* WHAT NEEDS TO BE DONE: Filter the entries beneath this task, copying only the lines that hold the word "with".

* DATA:
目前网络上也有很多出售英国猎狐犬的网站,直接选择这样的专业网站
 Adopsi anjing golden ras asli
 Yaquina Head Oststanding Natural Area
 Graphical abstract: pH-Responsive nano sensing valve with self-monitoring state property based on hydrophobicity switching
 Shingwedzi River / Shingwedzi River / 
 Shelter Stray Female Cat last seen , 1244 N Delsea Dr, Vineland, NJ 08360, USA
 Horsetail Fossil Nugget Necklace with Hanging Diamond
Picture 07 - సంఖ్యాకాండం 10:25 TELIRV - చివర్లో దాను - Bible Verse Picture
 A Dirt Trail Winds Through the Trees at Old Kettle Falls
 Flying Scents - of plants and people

* RESULT:
 Graphical abstract: pH-Responsive nano sensing valve with self-monitoring state property based on hydrophobicity switching
 Horsetail Fossil Nugget Necklace with Hanging Diamond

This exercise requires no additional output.